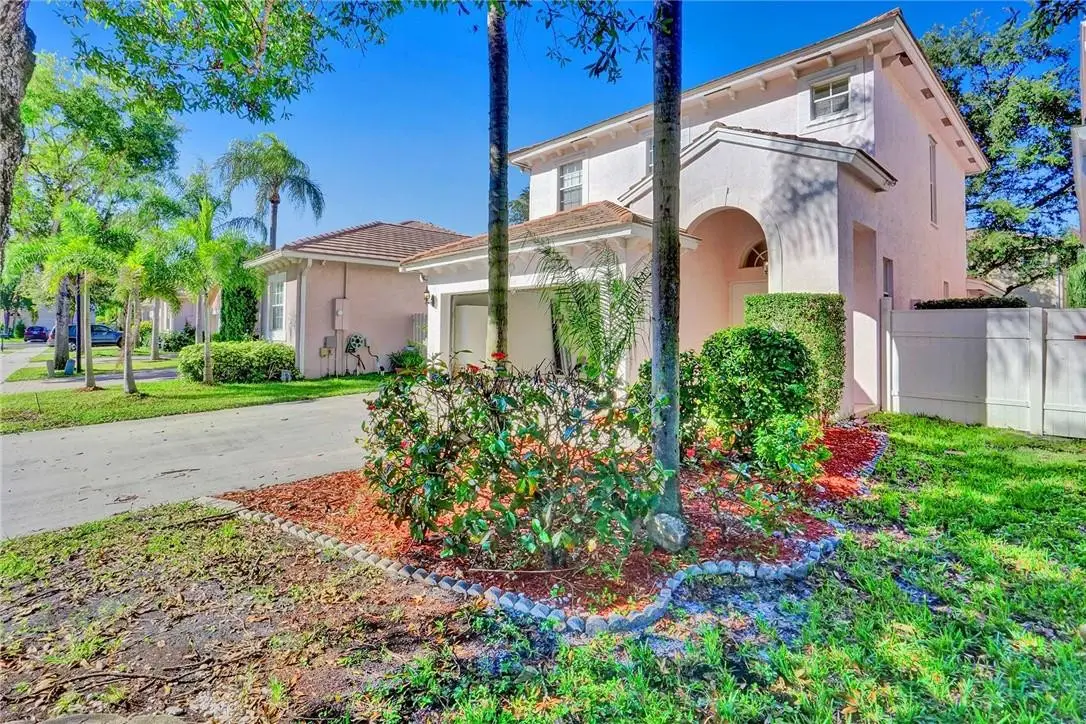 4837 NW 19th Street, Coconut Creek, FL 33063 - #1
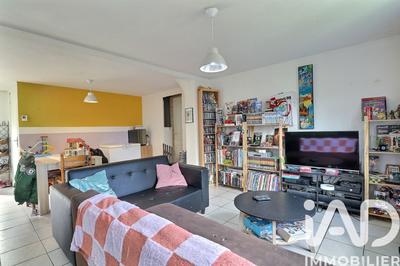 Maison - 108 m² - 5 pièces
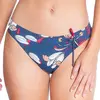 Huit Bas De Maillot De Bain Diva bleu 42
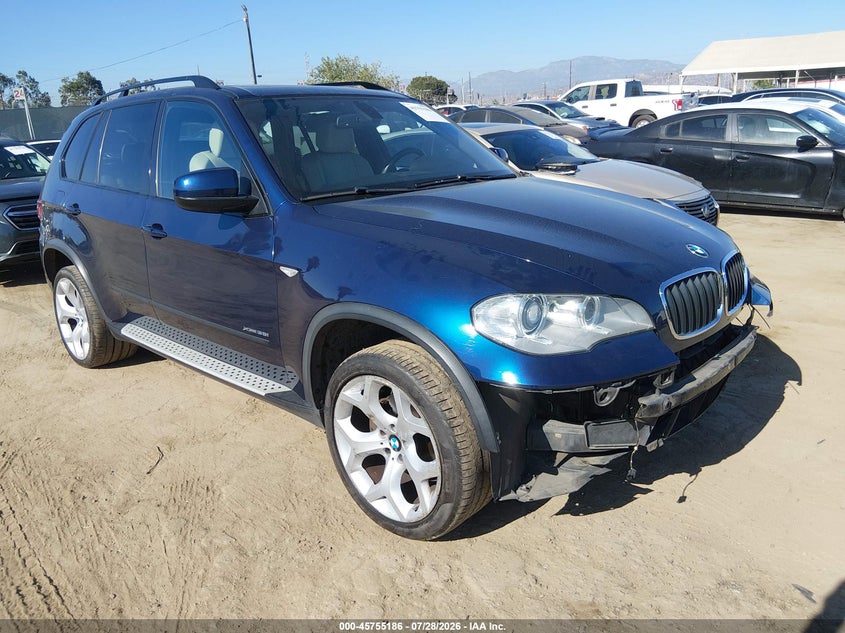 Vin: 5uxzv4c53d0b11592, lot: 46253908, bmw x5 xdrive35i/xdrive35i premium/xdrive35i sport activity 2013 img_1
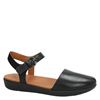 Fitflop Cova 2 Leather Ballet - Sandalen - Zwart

- - -

### ACTIVITY
Write the lines from the line containing "Huit Bas De Maillot De Bain Diva bleu 42" through the last line of the data out again exactly, and only those lines; pictures stay out.

### RESPONSE AREA
 Huit Bas De Maillot De Bain Diva bleu 42
 Vin: 5uxzv4c53d0b11592, lot: 46253908, bmw x5 xdrive35i/xdrive35i premium/xdrive35i sport activity 2013 img_1
 Fitflop Cova 2 Leather Ballet - Sandalen - Zwart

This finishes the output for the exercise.